(733b) Combining the Strengths of Continuous and Discrete Time Representations: A General Solution Refinement Method for Discrete-Time MIP Models | AIChE

(733b) Combining the Strengths of Continuous and Discrete Time Representations: A General Solution Refinement Method for Discrete-Time MIP Models

Authors 

Lee, H. - Presenter, University of Wisconsin-Madison
Maravelias, C., Princeton University
Production planning and scheduling of batch processes have received considerable attention in the process systems engineering community in the last 20 years (Harjunkoski et al., 2014). Mainly, two different time representation have been adopted for the mathematical programming models developed: discrete and continuous. Both representations have pros and cons (Floudas and Lin, 2004; Sundaramoorthy and Maravelias, 2011). Specifically, discrete-time formulations are tighter and can readily account for limited shared resources and intermediate shipments/deliveries, but suffer from large model size and inaccuracy of the solution. On the other hand, continuous-time formulations are more accurate and can easily model variable processing time, but exhibit large solution times when the number of periods increases, and cannot be readily extended to linearly account for inventory and resource costs. Although models may benefit from the advantages of the time representation adopted, the short comings that follow are unavoidable.

In this work, we propose a solution method that allows to harness the advantages of both modeling approaches while overcoming their limitations.
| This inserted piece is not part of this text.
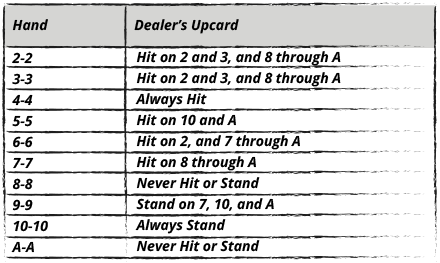 4/6/8 Decks, S17, NDAS Hitting and Standing Pairs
Specifically, we discuss a “refinement” method for discrete-time MIP models, applicable to all types of production environments. In this method, we solve the problem in two stages: solve for an approximated solution using discrete-time formulation in the first stage, which is refined to a more accurate solution in the second stage using a continuous-time LP formulation. The information transfer from the discrete-time solution (i.e. task assignment and sequencing) to the continuous-time model is achieved through a mapping algorithm we propose. The continuous-time model adopts material-specific grid to ensure material balances and unit-specific grids to ensure unit utilization constraints, while additional utility-specific grids can be adopted, if needed, for shared utilities. The discrete-time model used in the first stage allows us to obtain a good solution faster, as well as consider limited shared resources with time-varying resource availability and costs, as well as intermediate shipments/deliveries. The continuous-time model used in the second stage refines the solution to enhance solution accuracy as well as model variable processing time, while maintaining the feasibility of the solution. We investigate three objective functions, namely minimization of makespan/cost and maximization of production.

Furthermore, since the optimal solution obtained by the discrete-time model in the first stage may not be the optimal for the continuous-time model, we propose a method that allow us to generate a solution pool during the first stage. By collecting non-degenerate solutions, we increase the chance of obtaining the optimal solution during the second stage, which is extremely fast because it involves the solution of LPs.

Finally, we perform a thorough computational study to show that discrete-time models with the proposed solution refinement method are computationally superior when compared to standalone discrete- and continuous-time models. In terms of solution quality, the proposed method is shown to obtain the optimal solution in the majority of instances. The proposed method enable us to solve instances that were considered intractable with continuous-time models, while accounting for process features that only continuous-time models can handle efficiently (e.g., variable processing times).

 

Reference

  1.  Floudas, C. A. and Lin, X. X. (2004) Continuous-time versus discrete-time approaches for scheduling of chemical processes: a review. Computers & Chemical Engineering. 28, 2109-2129.
  2.  Harjunkoski, I., Maravelias, C. T., Bongers, P., Castro, P. M., Engell, S., Grossmann, I. E., Hooker, J., Mendez, C., Sand, G. and Wassick, J. (2014) Scope for industrial applications of production scheduling models and solution methods. Computers & Chemical Engineering. 62, 161-193.
  3.  Sundaramoorthy, A. and Maravelias, C. T. (2011) Computational Study of Network-Based Mixed-Integer Programming Approaches for Chemical Production Scheduling. Industrial & Engineering Chemistry Research. 50, 5023-5040.